From the line with "医保政策为何会相违背？" through the line with "Ottawa-Engagement-Session-Museum-of-Nature 1.jpg", repeat the entries verbatim, both end lines included, and add nothing.

————

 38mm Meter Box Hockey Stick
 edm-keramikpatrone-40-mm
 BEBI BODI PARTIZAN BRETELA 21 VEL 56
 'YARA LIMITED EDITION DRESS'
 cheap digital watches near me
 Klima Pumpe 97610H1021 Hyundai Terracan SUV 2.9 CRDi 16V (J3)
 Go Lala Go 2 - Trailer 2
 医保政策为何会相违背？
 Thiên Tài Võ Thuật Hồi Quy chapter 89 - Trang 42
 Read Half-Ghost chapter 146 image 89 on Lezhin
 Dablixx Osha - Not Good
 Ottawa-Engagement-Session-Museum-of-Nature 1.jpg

————

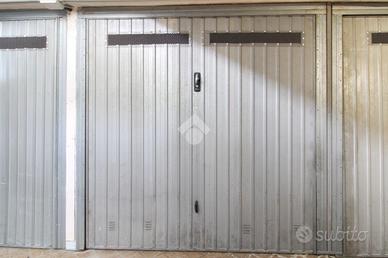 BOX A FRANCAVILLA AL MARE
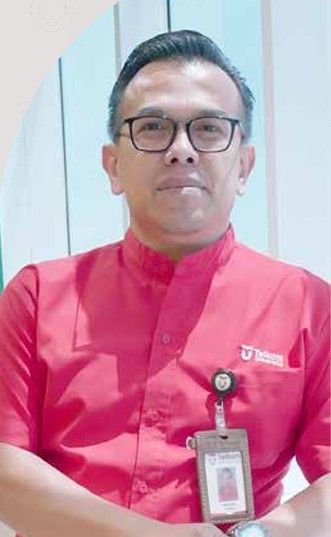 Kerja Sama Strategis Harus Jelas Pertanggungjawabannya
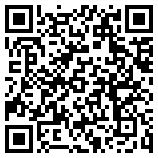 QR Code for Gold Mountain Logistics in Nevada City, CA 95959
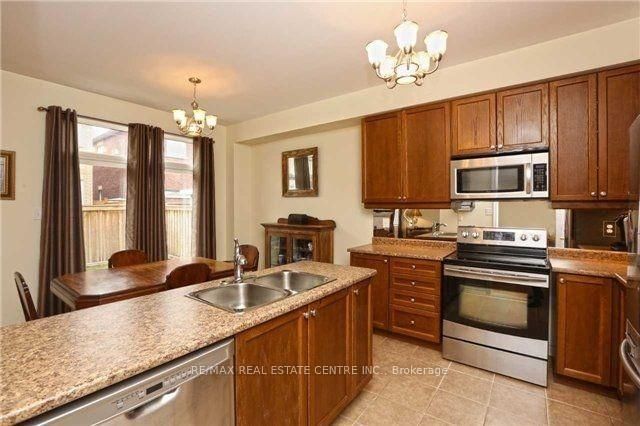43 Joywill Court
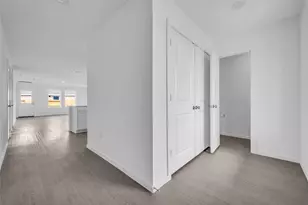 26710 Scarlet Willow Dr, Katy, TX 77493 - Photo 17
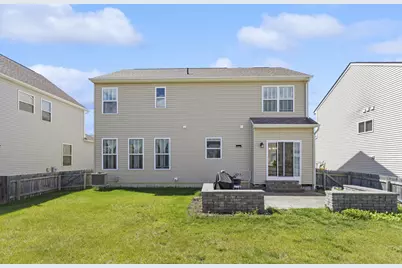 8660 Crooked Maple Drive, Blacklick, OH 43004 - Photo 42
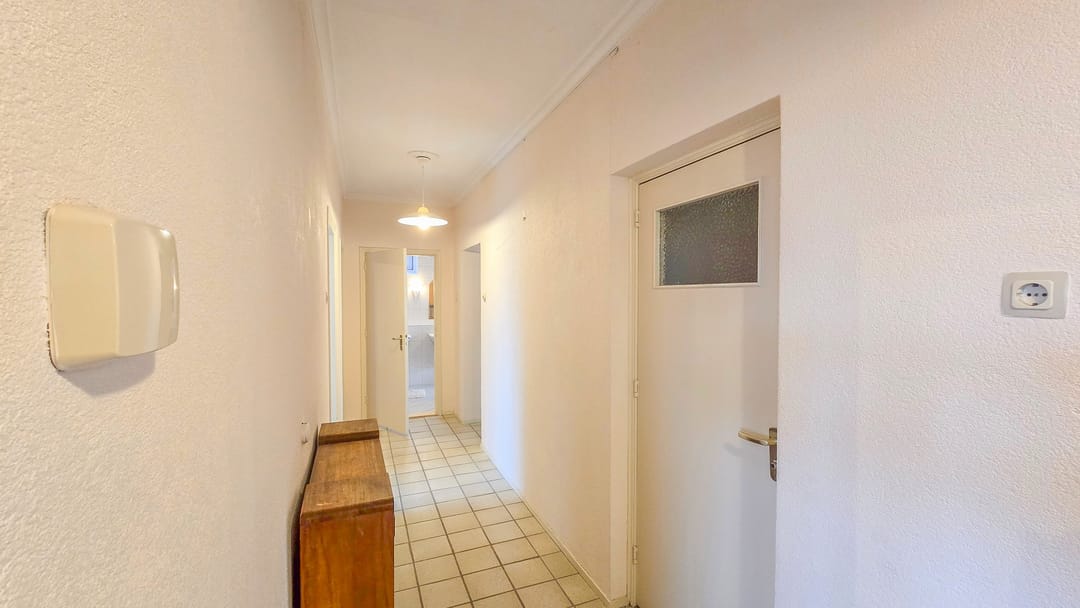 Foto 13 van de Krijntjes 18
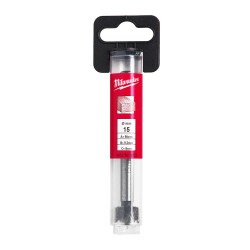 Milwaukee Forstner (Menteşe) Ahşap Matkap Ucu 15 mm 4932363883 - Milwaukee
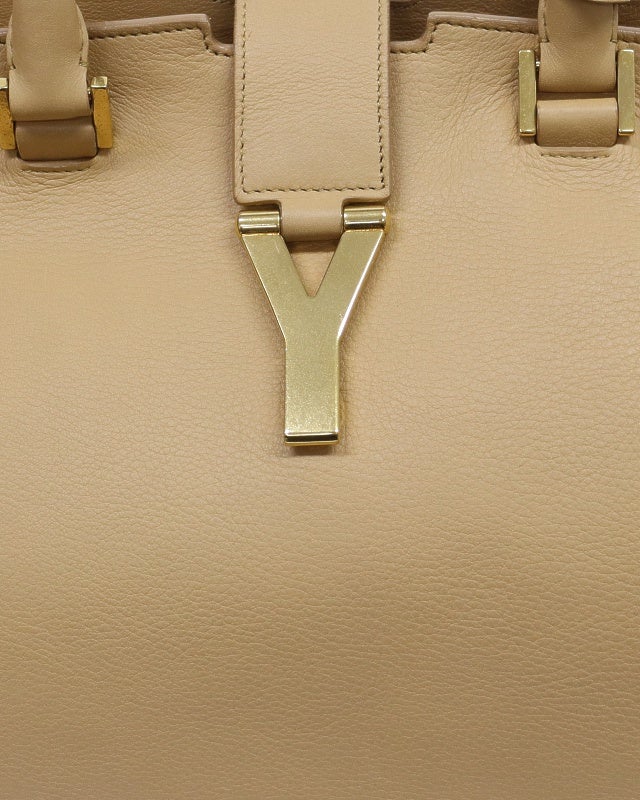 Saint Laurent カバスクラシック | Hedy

————

> _Completed task_:
 医保政策为何会相违背？
 Thiên Tài Võ Thuật Hồi Quy chapter 89 - Trang 42
 Read Half-Ghost chapter 146 image 89 on Lezhin
 Dablixx Osha - Not Good
 Ottawa-Engagement-Session-Museum-of-Nature 1.jpg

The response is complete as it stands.